# My E46 BMW 330ci Clubsport in estoril blue



## jay_bmw

Well after hankering for another e46 after owning my stanced 325ci in imola red i knew i had to have another. After all i only do 14 miles a day to work & back & the fuel consumption isn't really an issue - so today a 200 mile treck to Telford in shropshire for my latest purchase.
Hope you like


































Spec from OEM:
2002 (52)
Clubsport edition
Estoril Blue
Black Leather/Suede patterened inners
M Spoke 71 Alloy wheels
Silver Carbon Cube trim
Sunroof
Centre Armrest
Mats
Loudspeaker system
Rain sensor
Auto Lights

Additional mods:
ACS mirrors
Angel Eyes
LED plate bulbs

Plans:

Repair rust on front OS wing
REplace ACS mirrors with OEM items
Machine polish
Fit Dealer tax disc holder/Plates
Refurb alloys.

Cheers for looking


----------



## rockape

very nice jay :thumb: i told you not sell the bloody imola red :lol:


----------



## jay_bmw

Cheers - haha i know but this one's faster


----------



## rockape

cant argue with that mate


----------



## SteveTDCi

Very nice, one of the best colours imo


----------



## jay_bmw

Thanks Steve- 

Suprised no one has mentioned the ghastly spoiler yet :lol:


----------



## The Cueball

much better than that old man Audi... nice car.. not get it detailed and get your pic changed!!! 

:lol:

:thumb:


----------



## nicmcs

Nice clubsport mate, I adore the estoril blue, nearly bought an overpriced estoril blue m sport as I fell inlove with the colour.

Nic


----------



## jay_bmw

The Cueball said:


> much better than that old man Audi... nice car.. not get it detailed and get your pic changed!!!
> 
> :lol:
> 
> :thumb:


Cheers Cuey!

Itching to detail it but @ work till saturday now 

Will get pic changed

Cheers Nicmcs - it was a bit of a bargain tbh, wasn't after a clubsport as i didn't think i could afford one but this one was a nice suprise


----------



## The Cueball

it's going to be theeeee longest week!! :lol:

sure it will be worth the wait


----------



## jay_bmw

haha deffo its got those split rim alloys with a polished lip 

they're gonna take a lottttttttt o polishin


----------



## dew1911

The Audi was a far nicer motor than that.


----------



## robertdon777

jay_bmw said:


> Thanks Steve-
> 
> Suprised no one has mentioned the ghastly spoiler yet :lol:


The spoilers do erm spoil them, but great colour, great engine, great car.

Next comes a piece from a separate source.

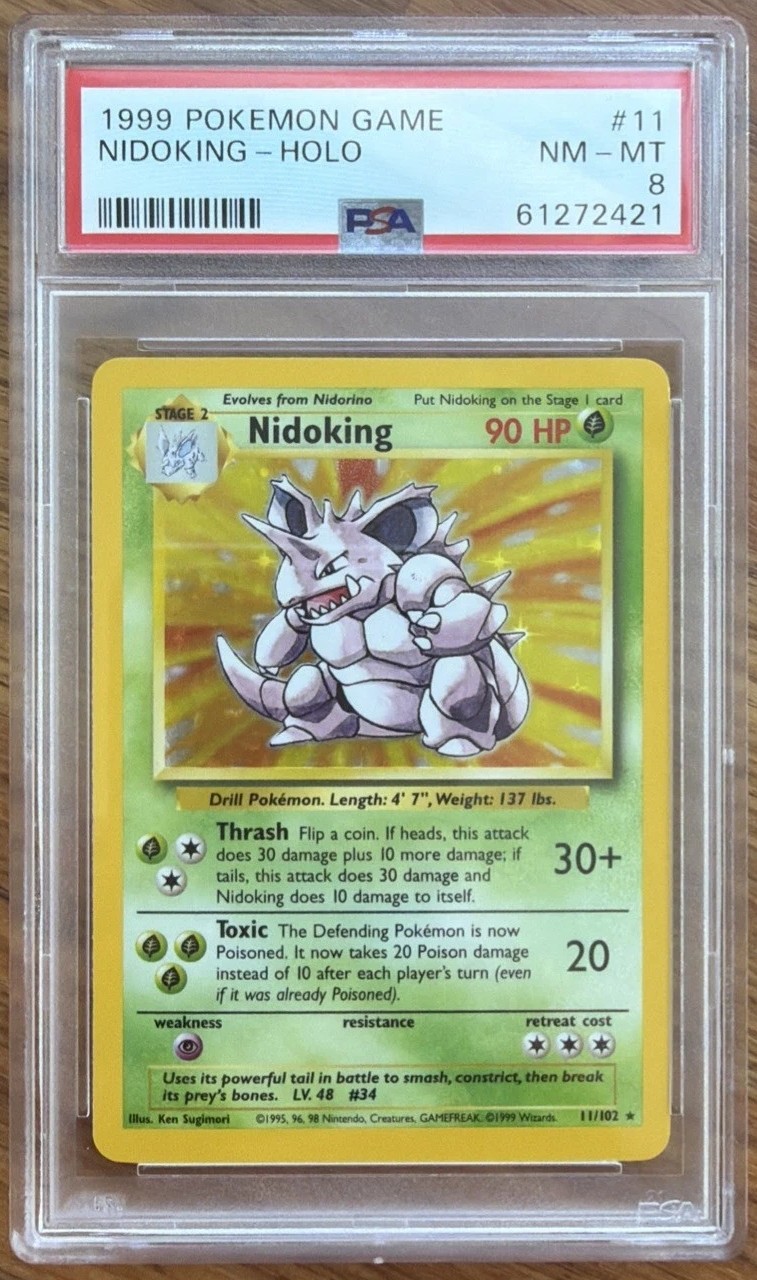 NIDOKING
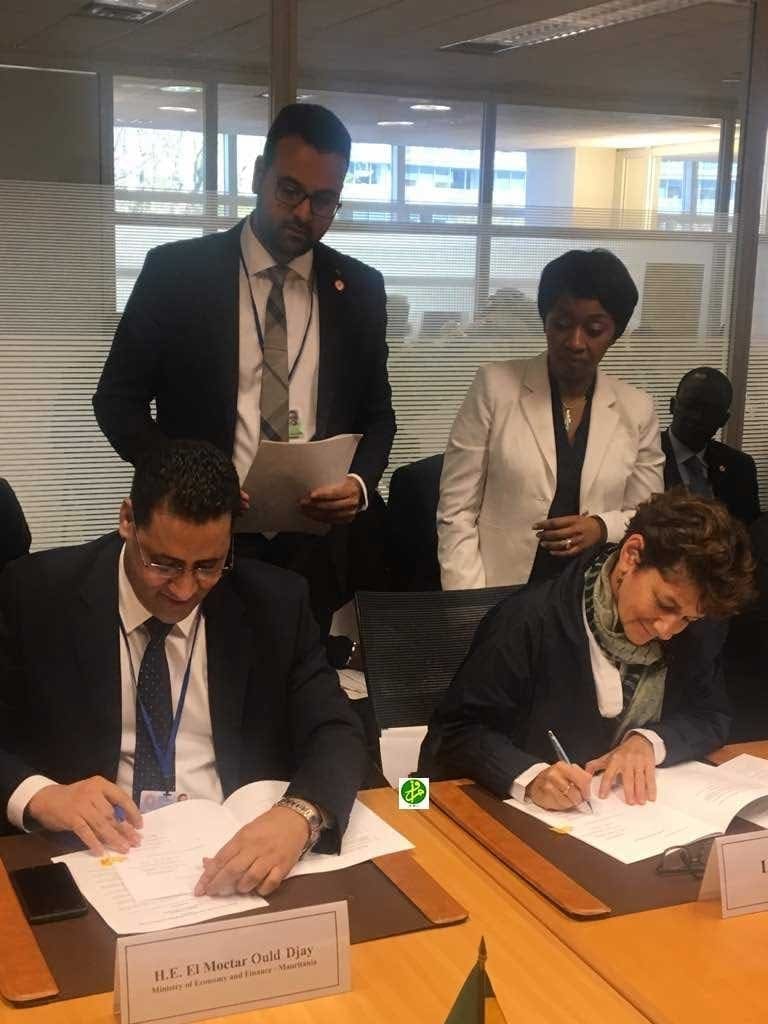 موريتانيا.. البنك الدولي يمول مشروع “الصمود البيئي” ب 20 مليون دولار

Is it easy to remove spoilers on them? or does it mean filling and spraying?


----------



## jay_bmw

dew1911 said:


> The Audi was a far nicer motor than that.


Err... Thanks?

Were all entitled to our opinions but it was an auto diesel estate. not a typical 23 year old single lads car.


----------



## Aero

Always liked the Clubsport :thumb: you will enjoy this thread


----------



## jay_bmw

robertdon777 said:


> The spoilers do erm spoil them, but great colour, great engine, great car.
> 
> Is it easy to remove spoilers on them? or does it mean filling and spraying?


Yeah its a bit of a pain to remove it is screwed in - but its part of the clubsport herritage anyway so i'll leave it be


----------



## sideswipe

very nice indeed but why do people put spoilers on bmws its german not japanese...lovin the colour.


----------



## jay_bmw

sideswipe said:


> very nice indeed but why do people put spoilers on bmws its german not japanese...lovin the colour.


Lol i know you'd think it'd been fitted aftermarket but it is factory fitted as part of the 'clubsport' special edition


----------



## Matt.

Nonono. You should of kept your red one and remapped it.


----------



## dave smith

looks nice mate my uncle had a velvet blue one when they were new


----------



## DMH-01

Looks a real tidy example mate :thumb:

Told you it wouldn't be long till you got another.


----------



## jay_bmw

Cheers dude - i know i missed owning one - shame your leaving the e46 fold


----------



## SteveTDCi

Values seem to be all over for the cs, the spoiler does look a bit halfords but it has to stay, oh and it's soooo much nicer than a diesel Audi


----------



## jay_bmw

haha cheers - yeah Audi was nice but i got some stick for having an old mans car :lol:


----------



## indydulay

Nice motor and in lovely colour


----------



## jay_bmw

indydulay said:


> Nice motor and in lovely colour


Thanks mate


----------



## kinnon

thats one nice motor


----------



## jay_bmw

Thanks fella


----------



## SimonBash

Really like E46 330 coupes, your CS looks great mate I actually like the spoiler

Cracking engine in these:thumb:


----------



## jay_bmw

Thanks Simon- i forgot how well the 3.0 M54 pulls - after owning the a4 it feels like a rocket!


----------



## andy665

Nearly sold the E36 328i for an E46 330Ci Sport last week but after driving it I much preferred the more raw nature of the E36 - horses for courses 

Looks like it will be a nice car but I must be in the minority of people who don't like Estoril Blue


----------



## jay_bmw

Yeah i like the rawness of the drive of the e36 - had a few 

I find the E46 a nice quiet serene place to be though - very comfortable & modern for its age

Fair do's its a bit of a marmite colour for a BMW


----------



## Derekh929

Very nice in deed


----------



## andy665

jay_bmw said:


> Fair do's its a bit of a marmite colour for a BMW


Tell me about it - the E36 is Atlantis Blue - also definitely a marmite


----------



## jay_bmw

Derekh929 said:


> Very nice in deed


Thanks Derek

Andy - i love Atlantis - if i could have had an e46 i'd have gone for Atlantis or velvet blue.


----------



## awallacee30

Very nice indeed fella! Smashing car in a cracking colour.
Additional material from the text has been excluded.